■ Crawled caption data
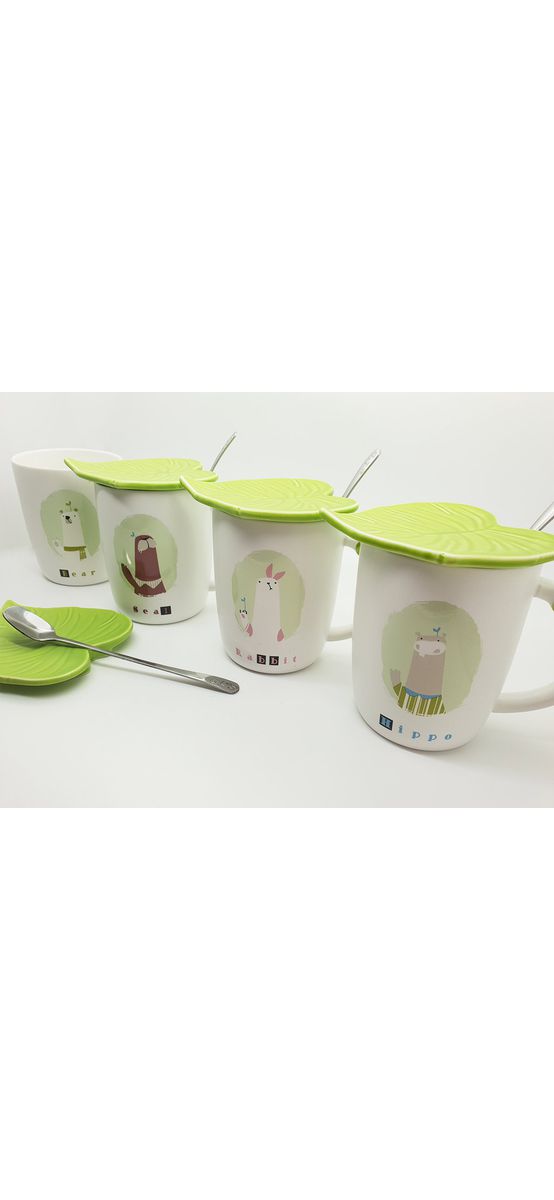 Cană Frunză, Folina, din ceramică, cu linguriţă şi capac verde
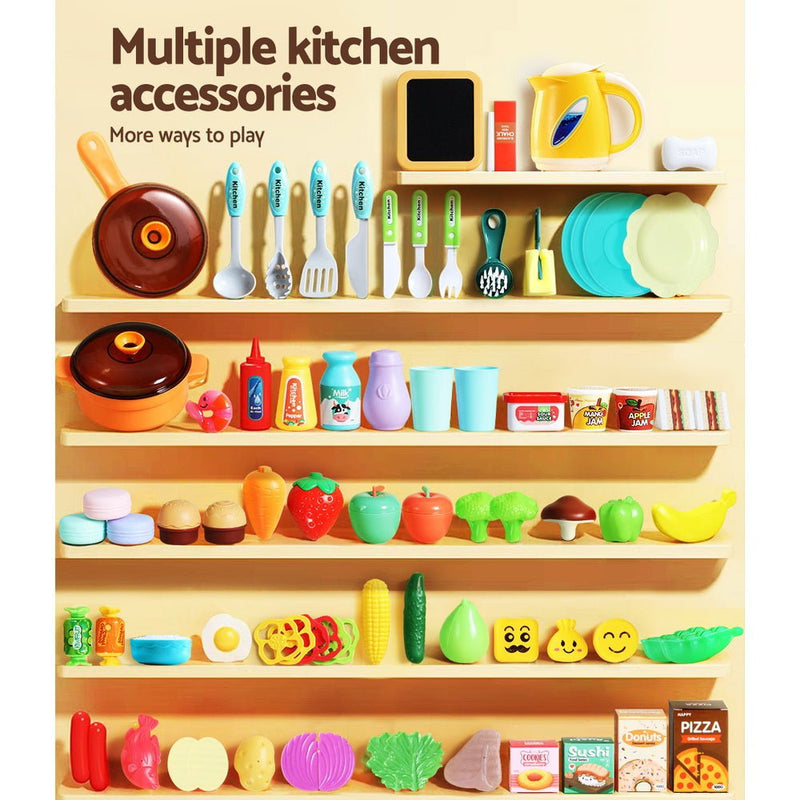 Keezi Kids Kitchen Pretend Play Set Cooking Sound Steam Light Function - Decor Delight Aus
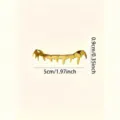 Detailed view of gold grillz teeth jewelry showing product dimensions for Halloween cosplay. - Teardrop Bottom Teeth / Gold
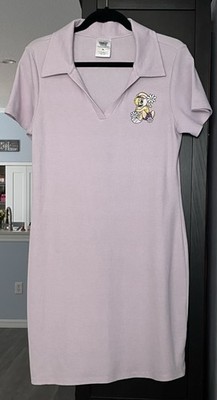 WB Looney Tunes Lola Bunny Lavender Ribbed Knit Collared Dress. Size XL. 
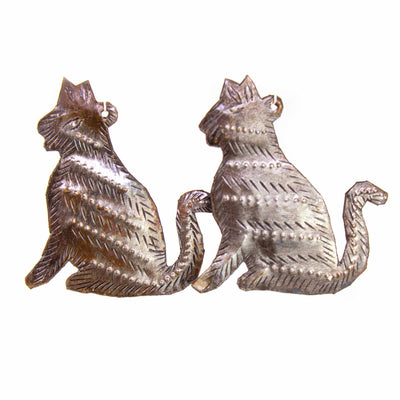 Cat Haitian Metal Drum Ornament, Set of 2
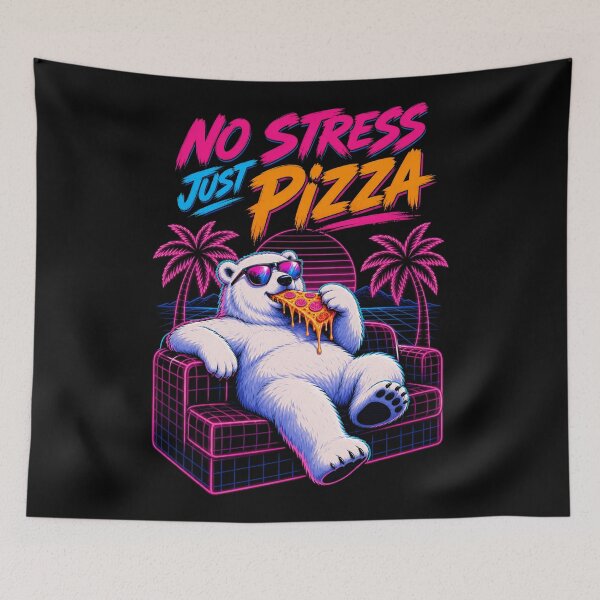 Item preview, Chill Polar Bear Pizza - No Stress Just Pizza designed and sold by digital.stickerperso.com.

■ Exercise instructions
With the images excluded, output every record verbatim.

■ Answer space
 Cană Frunză, Folina, din ceramică, cu linguriţă şi capac verde
 Keezi Kids Kitchen Pretend Play Set Cooking Sound Steam Light Function - Decor Delight Aus
 Detailed view of gold grillz teeth jewelry showing product dimensions for Halloween cosplay. - Teardrop Bottom Teeth / Gold
 WB Looney Tunes Lola Bunny Lavender Ribbed Knit Collared Dress. Size XL. 
 Cat Haitian Metal Drum Ornament, Set of 2
 Item preview, Chill Polar Bear Pizza - No Stress Just Pizza designed and sold by digital.stickerperso.com.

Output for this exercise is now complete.